Mechanically Reinforced Pseudosolid Polyelectrolyte Membranes via Layer-by-Layer Assembly for High-Performing Lithium-Metal Batteries

Ionogels are emerging as high-potential pseudosolid electrolytes for lithium-metal batteries (LMBs), leveraging their intrinsic high ionic conductivity from entrapped ionic liquid (IL) electrolytes. However, their practical application is hindered by poor mechanical strength stemming from the confinement of ILs within a polymer matrix. To address this challenge, the formation of conformal polyion coatings with functional groups is reported to be relevant to LMBs' application on ionogels, utilizing a layer-by-layer (LbL) assembly strategy. This approach significantly enhances the mechanical strength (Young's modulus and tensile strength) and electrochemical performance of ionogels, owing to the tailored interface modifications introduced by functional groups' specific conformal polyion coatings. The core of this methodology leverages the inherent ionic structure of ionogels to enable facile interface modification through Coulombic interactions between polyanions and polycations.
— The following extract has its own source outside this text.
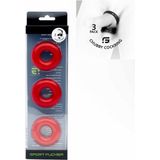 Chubby Rubber Cockring 3-Pack - Rood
These conformally coated interface functionalized membranes show improved electrochemical performance when integrated with cathode materials such as LiFePO4 (LFP) and LiNi0.8Mn0.1Co0.1O2 (NMC811) in an LMB configuration, underscoring their potential for robust, high-conductivity, pseudosolid membranes for LMB applications. These innovative pseudosolid membranes offer improved mechanical and electrochemical properties, leading to higher battery efficiency and safety, making them promising candidates for next-generation LMB technology.